# Tensor product of vector spaces

1. Jun 12, 2008

### Fredrik

Staff Emeritus
I'm reading the Wikipedia article, trying to understand the definition of the tensor product $V\otimes W$ of two vector spaces V and W. The first step is to take the cartesian product $V\times W$. The next step is to define the "free vector space" $F(V\times W)$ as the set of all linear combinations of members of $V\times W$. But how does that make sense when we haven't even defined the sum of two members of $V\times W$?

I'm tempted to interpret the linear combination as just a string of text at this point, but then I can't make sense of the claim that the $e_{v\times w}$ are taken to be linearly independent for distinct $v\times w$.

Can someone help me make sense of this definition?

2. Jun 12, 2008

### eastside00_99

Remember a vector space involves always specifying field F first. If V and W are vector spaces over a field F, then indeed the Cartesian product of V and W is a vector space over F via the following rule: let v,v' be in V and w,w' be in W, then define (v,w) + (v',w')=(v+v',w+w') where v+v' is the addition operation in V and w+w' is the addition operation in W.

Let h be a bilinear functional from VxW to F. The tensor product of V and W is the unique space $$V \otimes W$$ such that there exists a linear functional $$h_{*} : V \otimes W \rightarrow F$$ such that $$h_{*} (x \otimes y) =h(x,y)$$. This space always exists and as said before is unique. The construction of the space is what you are considering. I should mention that my definition is a little bit restrictive. I chose to work with F but you could extend the definition to replace F with any vector space over F (note F is a vector space over itself). The construction is simple:

Consider the sub space Z generated by all elements of the form (v+v', w)-(v,w) -(v',w') and (v,w+w')-(v,w)-(v,w'). Then take the tensor product of V and W to be VxW/Z.

3. Jun 12, 2008

### Fredrik

Staff Emeritus
Is that really the correct rule here? It's a very natural and obvious way to define a vector space structure on the Cartesian product, and it is the way to do it when we're defining the "direct sum" of two vector spaces. But this is the tensor product. This is supposed to be the way we use the Hilbert space of one-particle states in quantum mechanics to construct the Hilbert space of two-particle states (by taking the tensor product of the space of one-particle states with itself).

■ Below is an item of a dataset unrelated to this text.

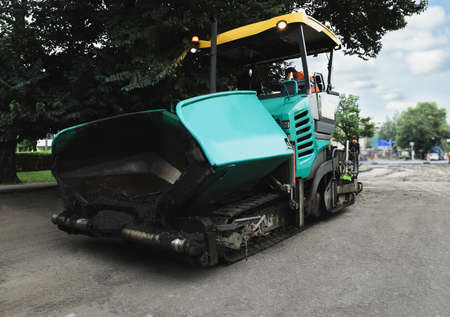 Modern asphalt finisher on city street. road repair service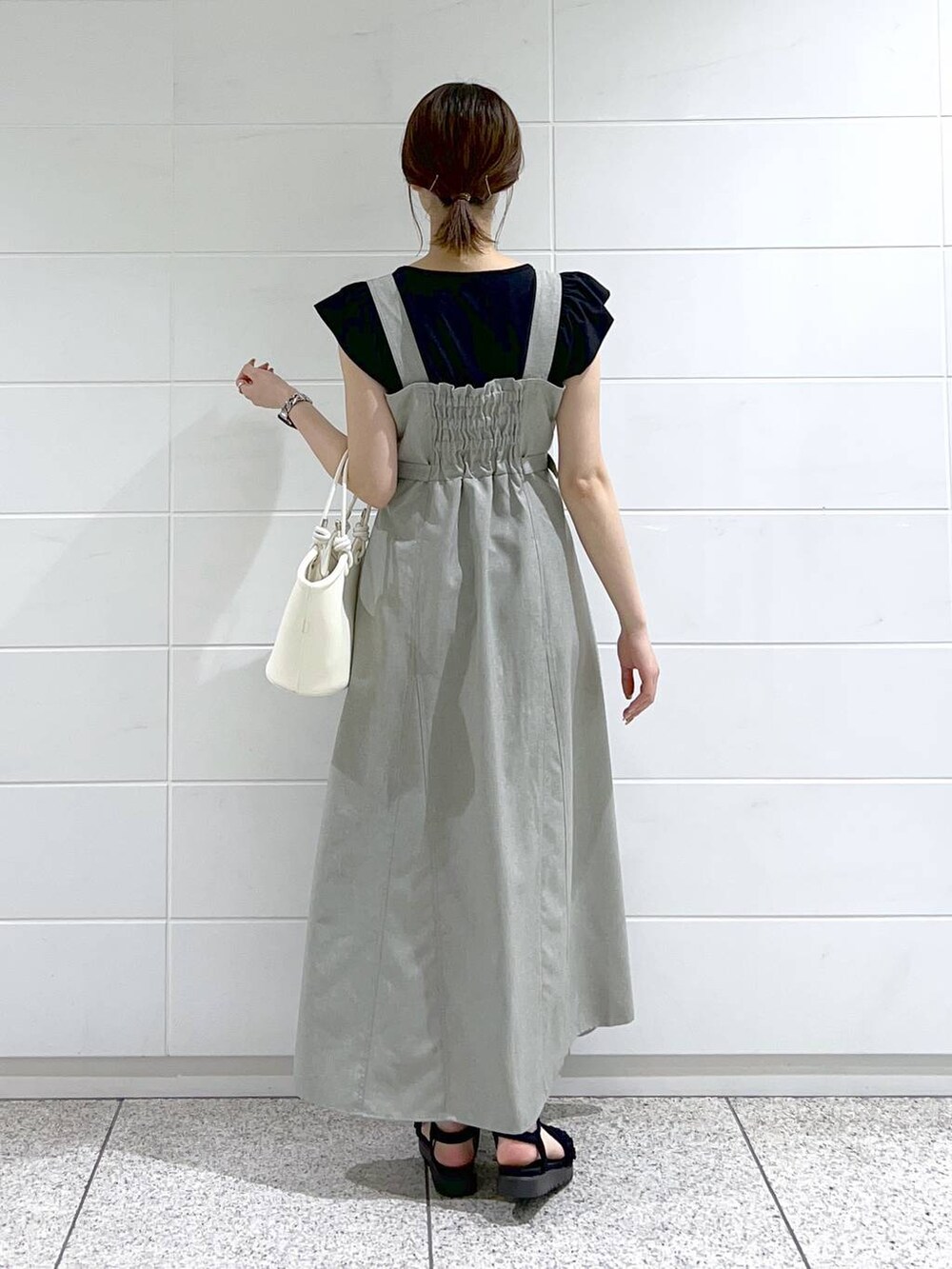 ブラック系のサンダル、ホワイト系のハンドバッグ、ブラック系のTシャツ/カットソーを着用したレディースの春コーディネートの3枚目の写真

And doesn't this hold for two-particle states?

$$(|v\rangle+|v'\rangle)(|w\rangle+|w'\rangle) =|v\rangle|w\rangle+|v\rangle|w'\rangle+|v'\rangle|w\rangle+|v'\rangle|w'\rangle$$​

The left-hand side is what corresponds to (v+v',w+w'), but the right-hand side doesn't look like (v,w) + (v',w'). It has two extra terms.

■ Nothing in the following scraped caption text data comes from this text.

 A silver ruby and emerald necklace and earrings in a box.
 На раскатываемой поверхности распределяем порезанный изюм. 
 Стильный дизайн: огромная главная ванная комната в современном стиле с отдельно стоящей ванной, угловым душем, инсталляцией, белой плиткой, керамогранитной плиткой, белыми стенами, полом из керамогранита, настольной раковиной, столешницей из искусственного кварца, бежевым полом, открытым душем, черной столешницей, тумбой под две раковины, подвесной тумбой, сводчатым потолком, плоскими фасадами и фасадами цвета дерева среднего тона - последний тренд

Thanks for replying by the way. I haven't given much thought to the other things you said yet, but I will.

4. Jun 12, 2008

### Hurkyl

Staff Emeritus
That's a good way to think of it -- one of the most general notions of 'algebraic structure' consists of two parts:

(1) Given any set S, a definition of all valid 'algebraic expressions' generated from S

In this particular case, you can (almost) view F(S) as the set of all textual strings of the form $r_1 s_1 + r_2 s_2 + \cdots + r_n s_n$, where the r's are scalars and the s's are elements of S, together with the textual string 0. You just have to take some care to avoid redundancy; for example, you could insist each of the s's are distinct, none of the r's are zero, and that two strings with permuted terms are the same.

(2) A rule for simplifying 'expressions of expressions'

For example, if v and w are two elements of F(S), you could form the 'formal' expression v + w (i.e. an element of F(F(S))), and there is an obvious way to 'simplify' such an expression back into F(S). The same is true for scalar multiplication, and this gives you a vector space strcutre on F(S)

Last edited: Jun 12, 2008
5. Jun 12, 2008

### eastside00_99

Sorry, my last sentence should read:

Consider the sub space Z generated by all elements of the form (v+v', w)-(v,w) -(v',w)
[not (v+v', w)-(v,w) -(v',w')] and (v,w+w')-(v,w)-(v,w'). Then take the tensor product of V and W to be VxW/Z.

Your question is what is addition in VxW so that you could form F(VxW). What F(VxW) is is the vector space over F whose bases is {(v,w)| v in V and w in W}. So, I was wrong about addition. But, in the case the two definitions will coincide in the finite case and where V intersect W = empty set.

6. Jun 12, 2008

### Hurkyl

Staff Emeritus
I guess I forgot to add how what I was talking about (monads) connects with the usual way of specifying a vector space.

The main point is that to say V is a vector space with underlying set V amounts to specifying a map F(V) --> V -- i.e. a way to 'evaluate' a linear combination of elements of V. The expressions v + w and r v are both elements of F(V), so this map does indeed tell you how to add vectors and how to perform scalar multiplication.

7. Jun 12, 2008

### Fredrik

Staff Emeritus
Thanks for the contributions so far, both of you. I still don't get it, but I'll take another look at it tomorrow.

8. Jun 13, 2008

### Fredrik

Staff Emeritus
OK, I think I understand the definition now. This comment was helpful:
This means that F(S) (and I assume that by S you mean VxW) isn't the set of all strings that look like linear combinations of members of S. The members of F(S) are some equivalence classes of such strings. In particular s+s' is considered equivalent to s'+s, and (s+s')+s'' is considered equivalent to s+(s'+s''). Wikipedia didn't even mention this equivalence relation. Instead they just said something cryptic about linear independence as an explanation of why they wrote $e_{u\times v}$ instead of $(u,v)$.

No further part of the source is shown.